Stadhuis van Enkhuizen

Uit Wikipedia, de vrije encyclopedie
Stadhuis
Voor- en zijaanzicht
Locatie
Adres Breedstraat 53Bewerken op Wikidata
Coördinaten 52° 42′ NB, 5° 18′ OL
Architectuur
Bouwstijl Hollands classicisme
Bouwinfo
Architect Steven Vennekool
Erkenning
Monumentstatus Rijksmonument
Monumentnummer 14985
Detailkaart
Stadhuis van Enkhuizen (Enkhuizen-centrum)
Stadhuis van Enkhuizen
Het boek aan de voorgevel met daarop de stadsrechten
Het Roode Paard voor het stadhuis. Het gedicht erboven is van de hand van Joost van den Vondel.
Portaal  Portaalicoon   Civiele techniek en bouwkunde

Het Stadhuis van Enkhuizen is het gemeentehuis van de Nederlandse plaats Enkhuizen. Het werd tussen 1686 en 1688 gebouwd naar een ontwerp van de architect Steven Vennekool.
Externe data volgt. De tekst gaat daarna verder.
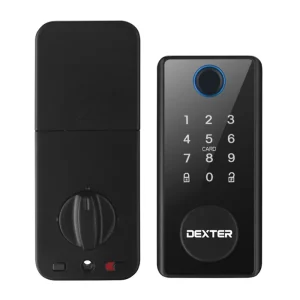 CERROJO DEXTER  16209 SMART SENCILLO DS01 H-PW-T WIFI NE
Het stadhuis, dat als het meesterwerk van Vennekool geldt,[1] werd gebouwd op een tijdstip waarop de grootste economische en culturele bloei van Enkhuizen, van ca. 1580 tot 1650, alweer voorbij was.[2] Na jaren overleg werd met lijfrentebrieven, leningen en waarschijnlijk ook met persoonlijk kapitaal van de bestuurders geld voor het nieuwe stadhuis bij elkaar gebracht.[3] Het ontwerp van Vennekool, een voorbeeld van Hollands classicisme, doet denken aan het Paleis op de Dam in Amsterdam. Dat is niet toevallig: Steven Vennekool was zoon van Jacob Vennekool die Jacob van Campen had geassisteerd bij de bouw van het stadhuis van Amsterdam.[3][4] Aan het interieur, dat voor een groot deel nog in de oorspronkelijke stijl is, hebben bekende kunstenaars uit die tijd meegewerkt, waaronder Jan van Neck, Dirck Ferreris Alexander Baert en Romeyn de Hooghe.[2][3]

De Amsterdamse beeldhouwer Pieter van der Plasse voerde het beeldhouwwerk voor de voorgevel uit.[3] Aan de gevel van het stadhuis vindt men een boek met het begin van de tekst van de oorkonde van 1356 waarin Willem V, graaf van Holland, stadsrechten aan Enkhuizen verleende. Links aan de gevel hangt het klinkdicht dat Joost van den Vondel schreef op het Roode Paard, het kanon dat daar voor de gevel staat en dat in 1622 op de Duinkerker kapers werd buitgemaakt.[5] Hoger aan de gevel vindt men het motto Candide et Constanter, dat vaak wordt vertaald als Eerlijk en Standvastig.

In de raadszaal hangen twee kroonluchters die afkomstig zijn uit de voormalige synagoge aan de Zuider Havendijk.

In het stadhuis hing tevens een portret van stadhouder-koning Willem III van Oranje. Dit portret is tijdens de Franse tijd verwijderd. Ter vervanging werd een allegorie van de liefde en de gelukzaligheid van Theodoor van Thulden gekocht, waarvan men overigens destijds dacht dat het van Ferdinand Bol was.[3]